:: Exercise inputs ::
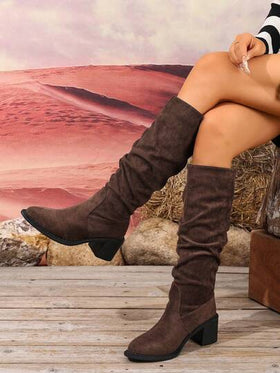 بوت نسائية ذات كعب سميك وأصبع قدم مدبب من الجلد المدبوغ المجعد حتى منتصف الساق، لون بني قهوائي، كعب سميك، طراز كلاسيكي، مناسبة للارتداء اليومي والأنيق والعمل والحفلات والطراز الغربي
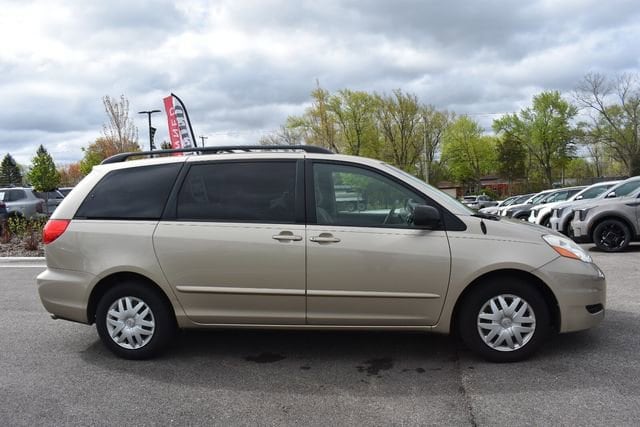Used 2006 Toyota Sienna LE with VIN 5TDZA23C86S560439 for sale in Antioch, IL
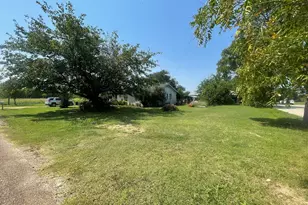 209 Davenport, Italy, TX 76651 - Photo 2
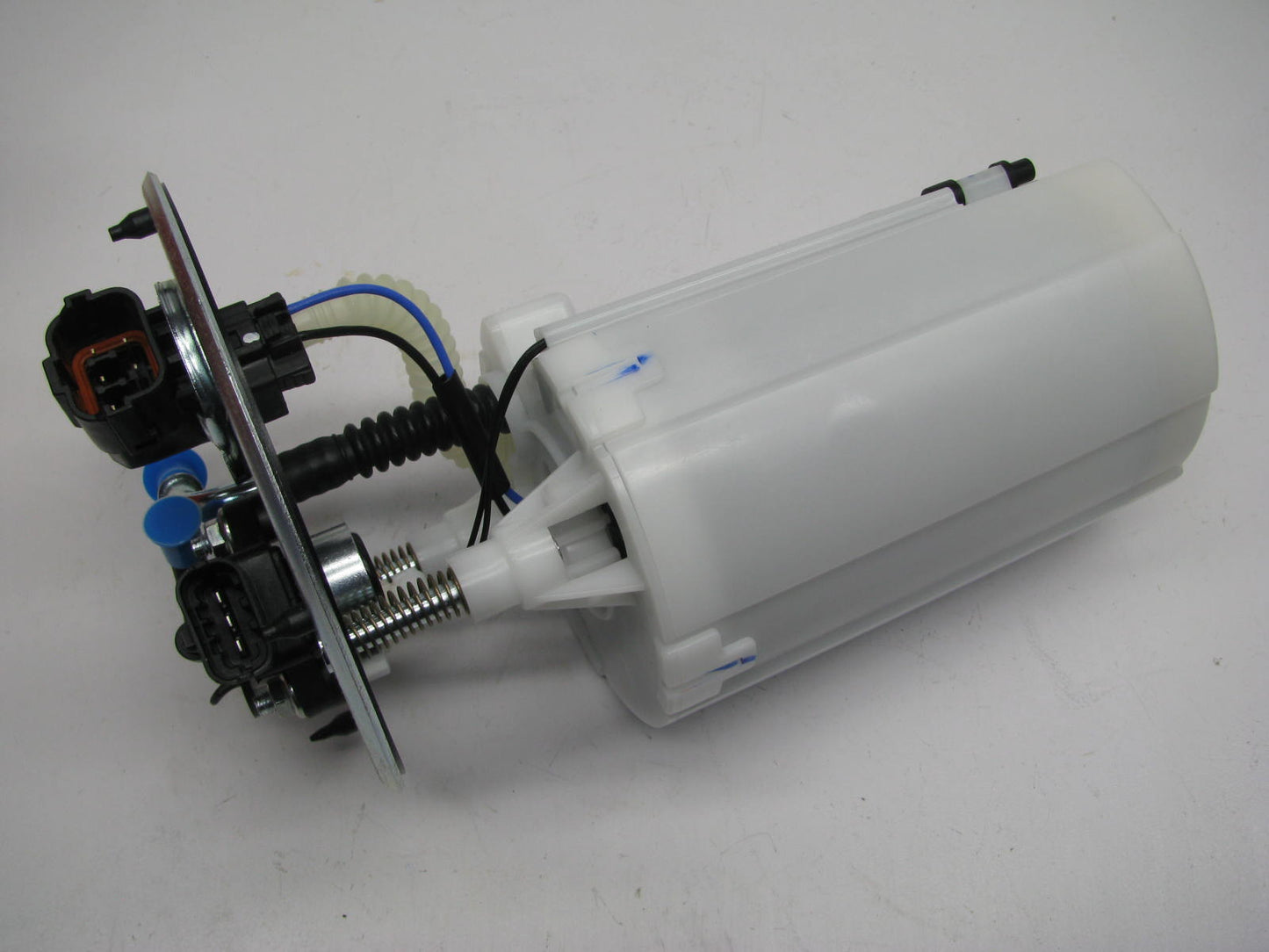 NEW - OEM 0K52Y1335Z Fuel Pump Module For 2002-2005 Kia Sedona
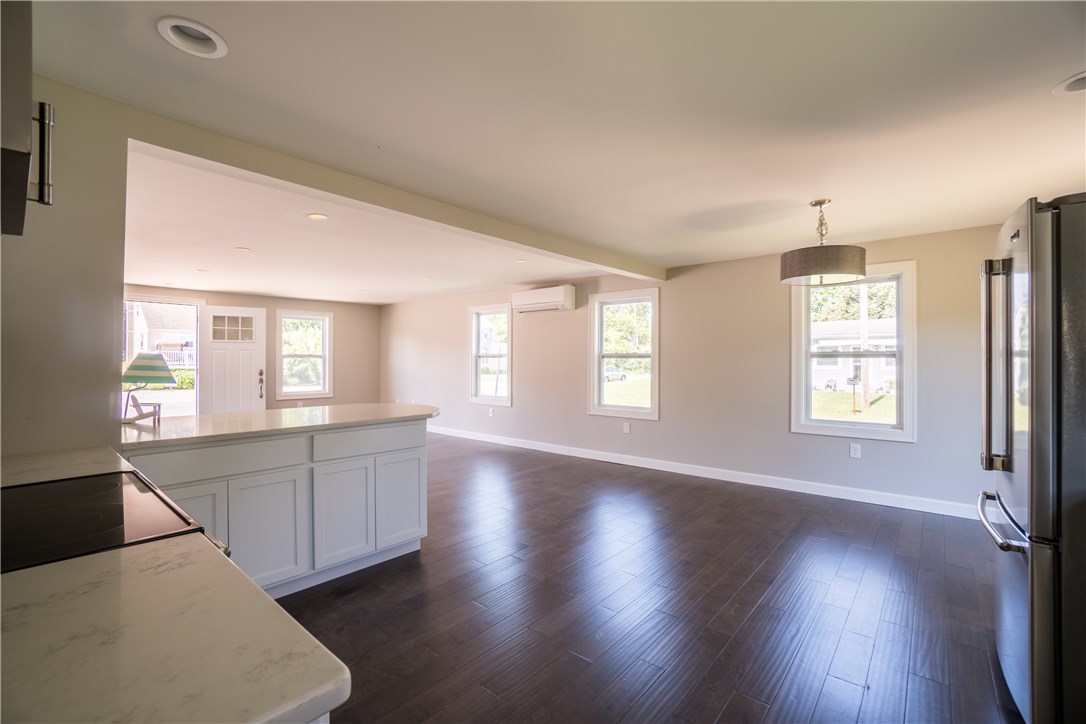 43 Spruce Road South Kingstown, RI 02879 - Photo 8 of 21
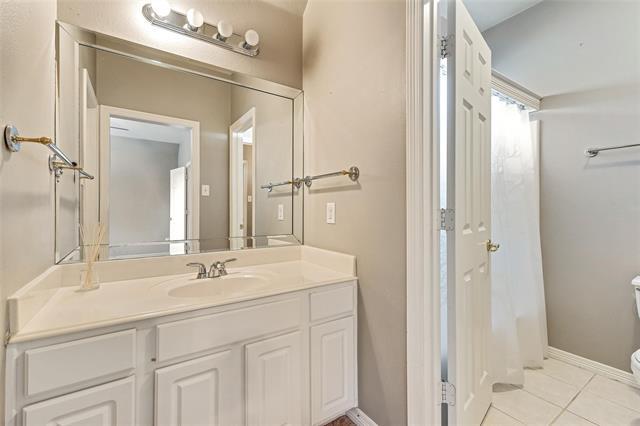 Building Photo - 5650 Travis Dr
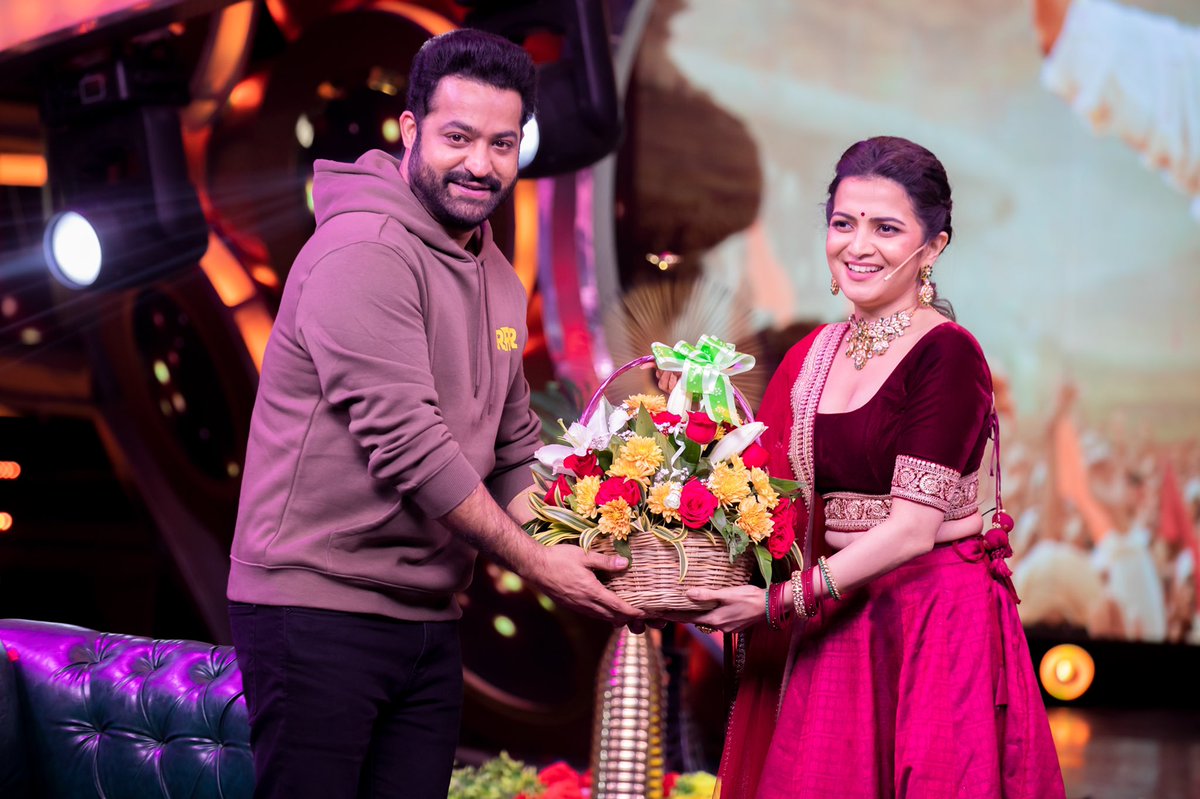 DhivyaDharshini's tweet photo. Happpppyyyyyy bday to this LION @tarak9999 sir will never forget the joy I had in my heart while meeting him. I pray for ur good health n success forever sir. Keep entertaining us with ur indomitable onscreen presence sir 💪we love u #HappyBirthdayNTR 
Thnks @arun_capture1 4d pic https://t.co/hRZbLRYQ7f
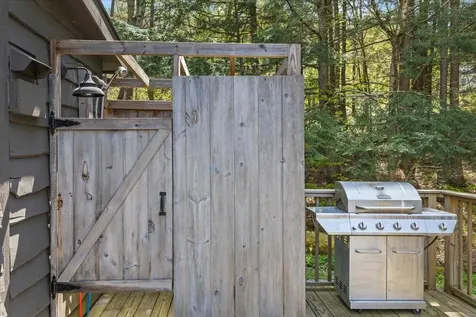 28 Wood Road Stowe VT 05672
--
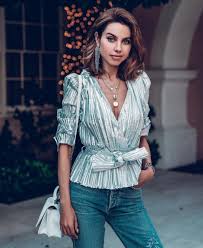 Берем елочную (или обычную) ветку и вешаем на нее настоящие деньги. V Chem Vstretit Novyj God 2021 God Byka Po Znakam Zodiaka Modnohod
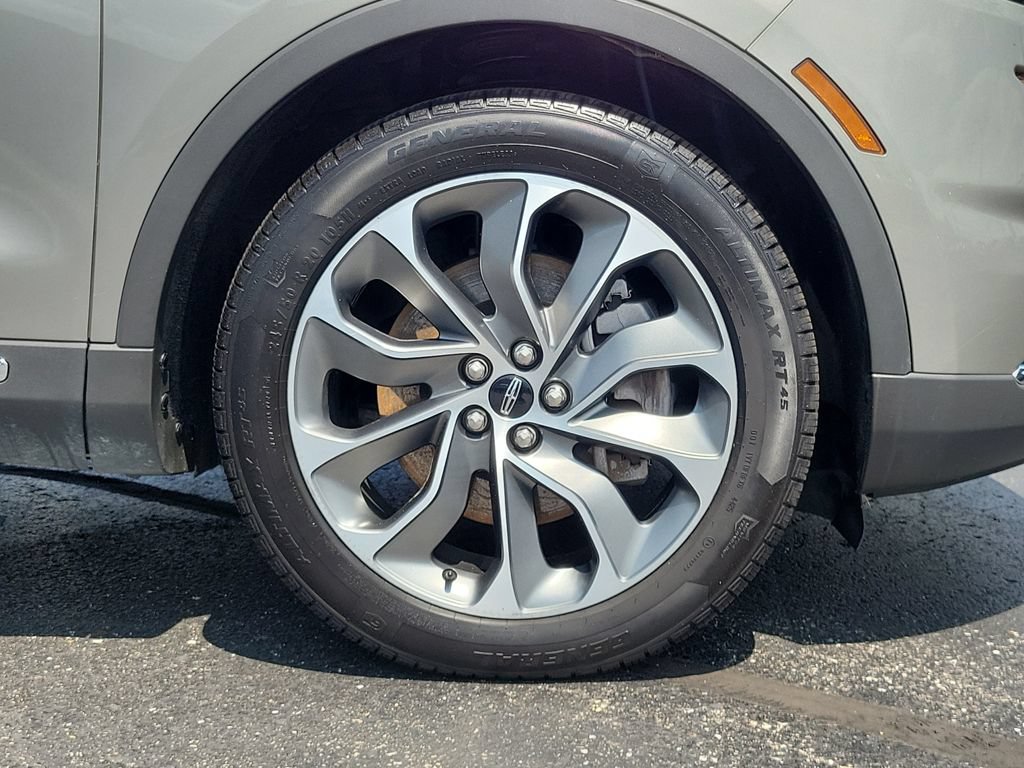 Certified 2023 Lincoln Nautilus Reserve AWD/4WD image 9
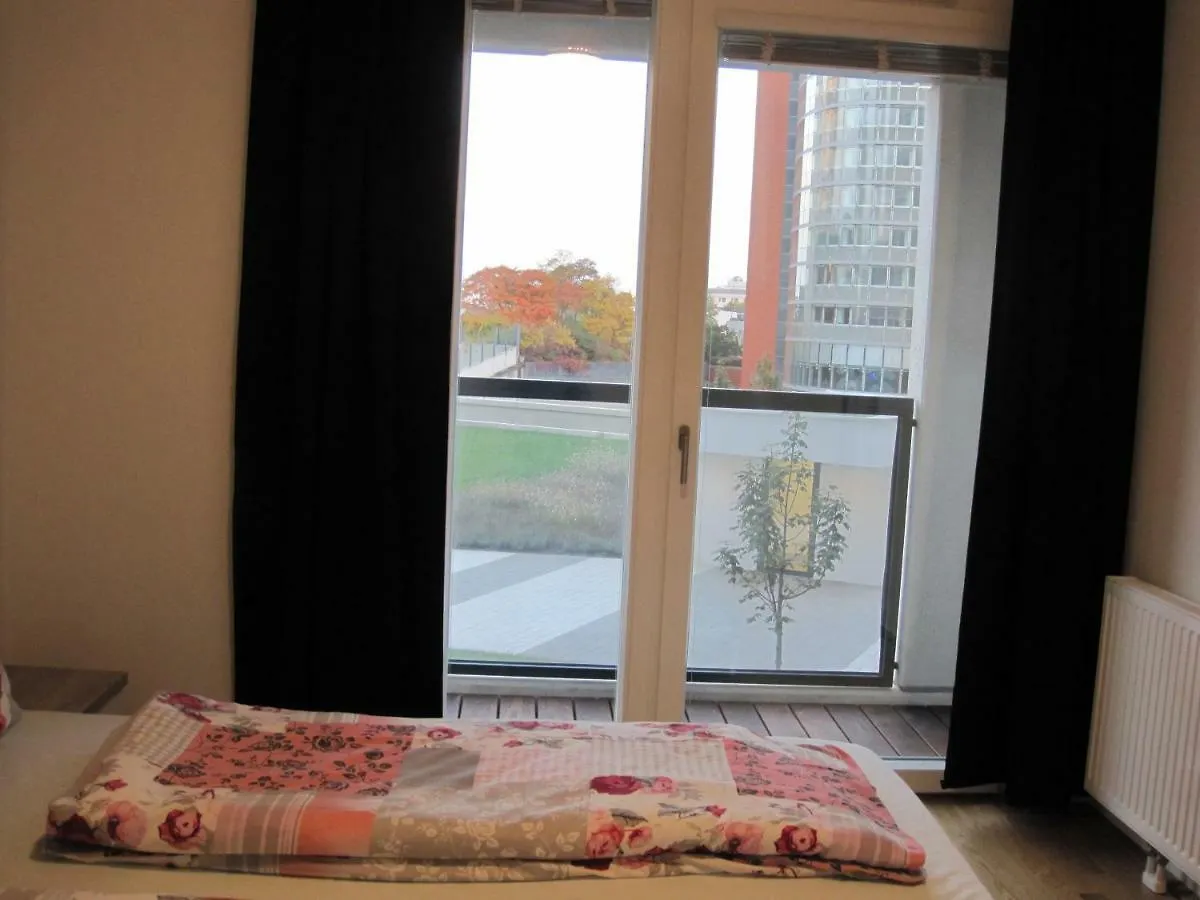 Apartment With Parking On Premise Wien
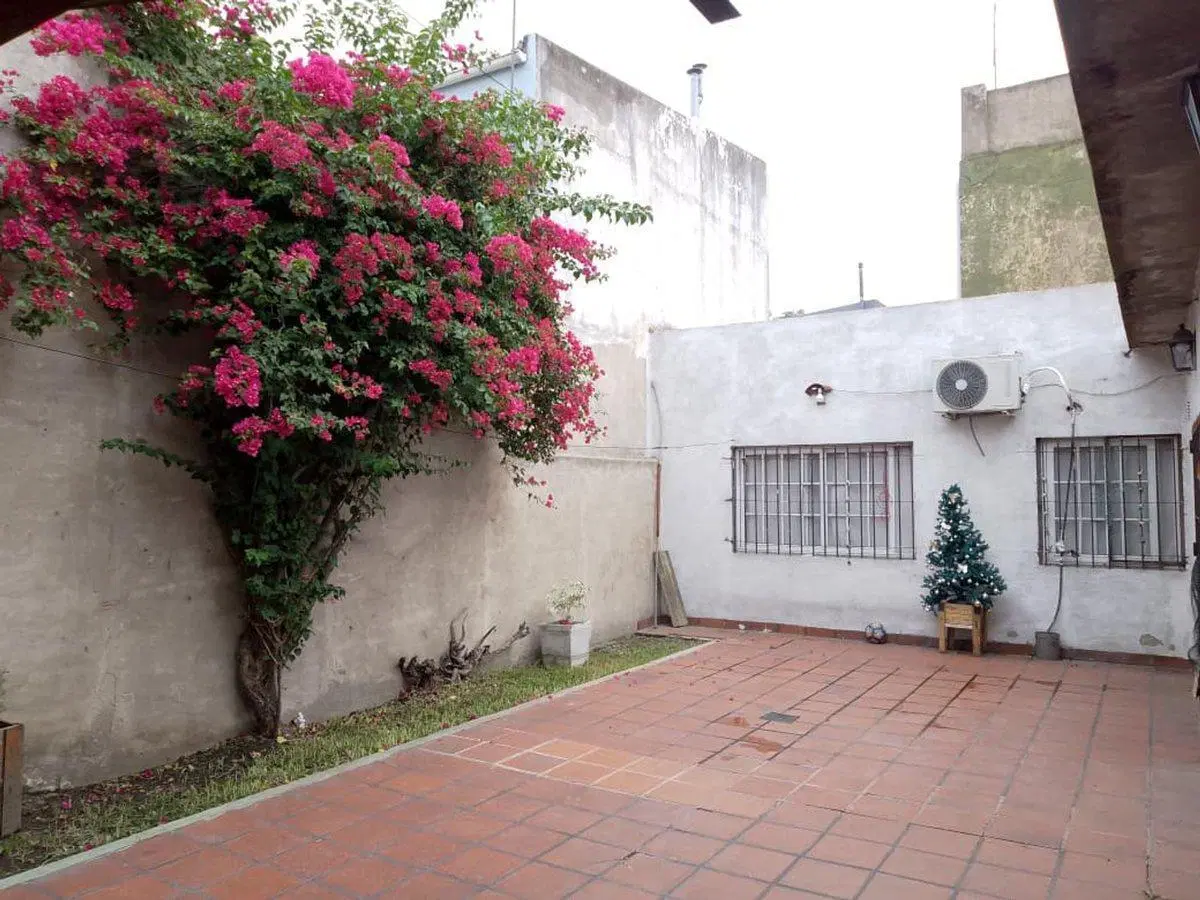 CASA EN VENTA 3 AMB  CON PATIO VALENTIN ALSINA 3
---
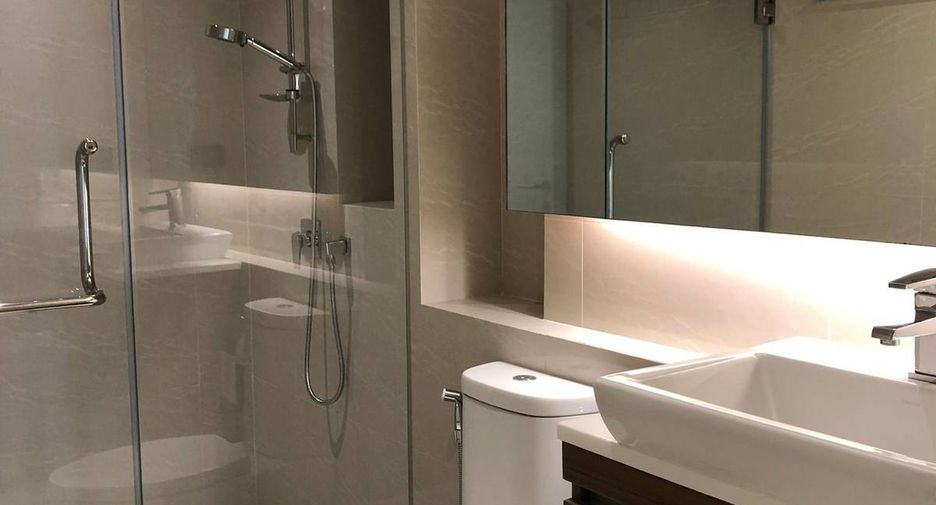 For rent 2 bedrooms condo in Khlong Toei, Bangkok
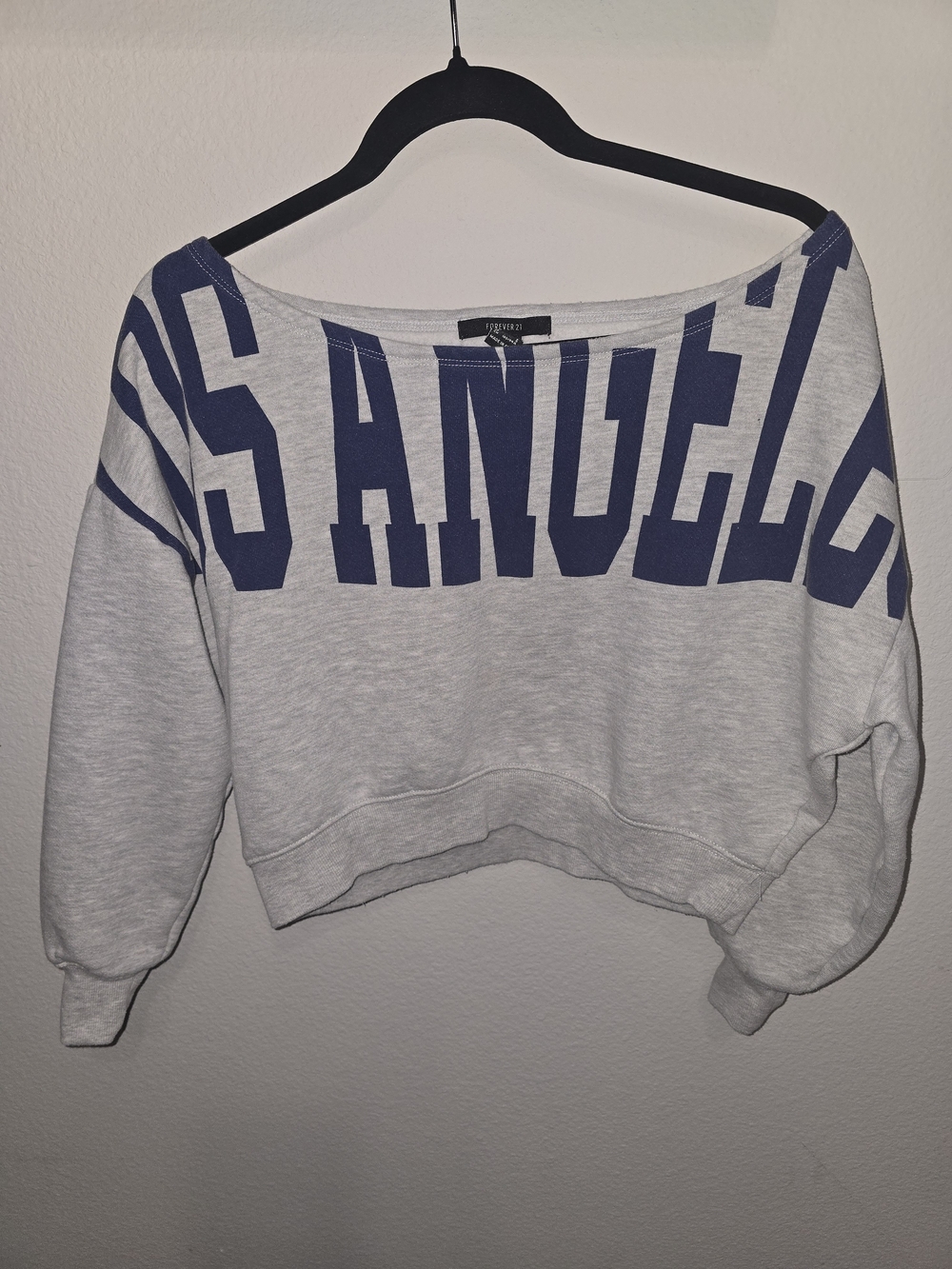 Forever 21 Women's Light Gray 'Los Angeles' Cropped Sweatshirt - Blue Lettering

:: Assignment ::
Nothing but the lines from the one with "43 Spruce Road" to the one with "28 Wood Road Stowe VT 05672" above, both included, should be transcribed, exactly and without pictures.

:: Response to this exercise ::
 43 Spruce Road South Kingstown, RI 02879 - Photo 8 of 21
 Building Photo - 5650 Travis Dr
 DhivyaDharshini's tweet photo. Happpppyyyyyy bday to this LION @tarak9999 sir will never forget the joy I had in my heart while meeting him. I pray for ur good health n success forever sir. Keep entertaining us with ur indomitable onscreen presence sir 💪we love u #HappyBirthdayNTR 
Thnks @arun_capture1 4d pic https://t.co/hRZbLRYQ7f
 28 Wood Road Stowe VT 05672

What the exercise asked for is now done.